Un bellissimo racconto fotografico della pratica antica, affascinante e pericolosa con cui gli uomini della tribù Gurung due volte all’anno raccolgono il miele

Andrew Newey Honey Hunters-6

In Nepal, sul versante occidentale dell’Himalaya, gli uomini della tribù Gurung due volte all’anno praticano una tradizione millenaria, affascinante e pericolosa allo stesso tempo: la raccolta del miele, che viene fatta ancora con metodi e strumenti antichissimi. I Gurung accendono dei grandi fuochi alla base delle rocce, come rito propiziatorio, e utilizzano il fumo per far uscire dagli alveari intere colonie di api della specie Apis laboriosa, le più grandi del mondo, che costruiscono alveari ad alta quota. A quel punto – senza particolari protezioni o attrezzature – si arrampicano su delle precarie scale di corda sospese nel vuoto, fino a 200 metri di altezza, e con un palo di bambù affilato chiamato “tango” intagliano gli alveari affinché ne fuoriesca il favo (il miele selvatico), che va a finire nelle ceste posizionate precedentemente sotto gli alveari.
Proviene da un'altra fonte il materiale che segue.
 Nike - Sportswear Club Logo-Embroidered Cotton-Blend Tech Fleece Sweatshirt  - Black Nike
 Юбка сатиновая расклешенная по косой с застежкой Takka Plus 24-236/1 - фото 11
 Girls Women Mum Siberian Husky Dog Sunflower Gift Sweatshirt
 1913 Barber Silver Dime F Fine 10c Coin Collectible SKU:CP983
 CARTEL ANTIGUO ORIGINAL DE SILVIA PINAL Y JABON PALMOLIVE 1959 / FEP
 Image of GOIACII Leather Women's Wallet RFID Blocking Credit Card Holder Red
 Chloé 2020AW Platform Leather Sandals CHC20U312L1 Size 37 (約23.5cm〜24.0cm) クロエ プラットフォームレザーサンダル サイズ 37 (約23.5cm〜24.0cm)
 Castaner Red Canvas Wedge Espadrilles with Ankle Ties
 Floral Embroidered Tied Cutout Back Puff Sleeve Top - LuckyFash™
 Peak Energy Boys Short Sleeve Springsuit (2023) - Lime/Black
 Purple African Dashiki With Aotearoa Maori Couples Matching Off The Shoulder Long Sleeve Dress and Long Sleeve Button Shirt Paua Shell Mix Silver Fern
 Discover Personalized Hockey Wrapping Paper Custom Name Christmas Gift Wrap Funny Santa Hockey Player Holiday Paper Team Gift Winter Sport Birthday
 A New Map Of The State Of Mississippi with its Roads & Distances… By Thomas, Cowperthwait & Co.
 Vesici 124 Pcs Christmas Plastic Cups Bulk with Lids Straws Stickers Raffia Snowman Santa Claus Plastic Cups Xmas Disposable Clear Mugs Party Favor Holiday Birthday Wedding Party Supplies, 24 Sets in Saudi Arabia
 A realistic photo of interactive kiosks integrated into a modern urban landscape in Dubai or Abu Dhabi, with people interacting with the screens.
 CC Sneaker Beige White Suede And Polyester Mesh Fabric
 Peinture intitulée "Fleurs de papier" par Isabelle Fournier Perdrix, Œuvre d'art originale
Il premiato fotografo di viaggio del Regno Unito Andrew Newey nel 2013 ha documentato questa antica tradizione, fermandosi a lungo con una delle tribù Gurung in una cittadina collinare nel distretto nepalese di Kaski, in attesa della raccolta di miele autunnale, che è iniziata sei settimane più tardi del solito a causa della diminuzione della popolazione delle api. L’intero ecosistema, infatti, è minacciato da diversi fattori come il cambiamento climatico, la crescente richiesta di questo tipo di miele rarissimo (molto richiesto in Giappone, Corea e Cina) e dal trekking turistico sempre più diffuso.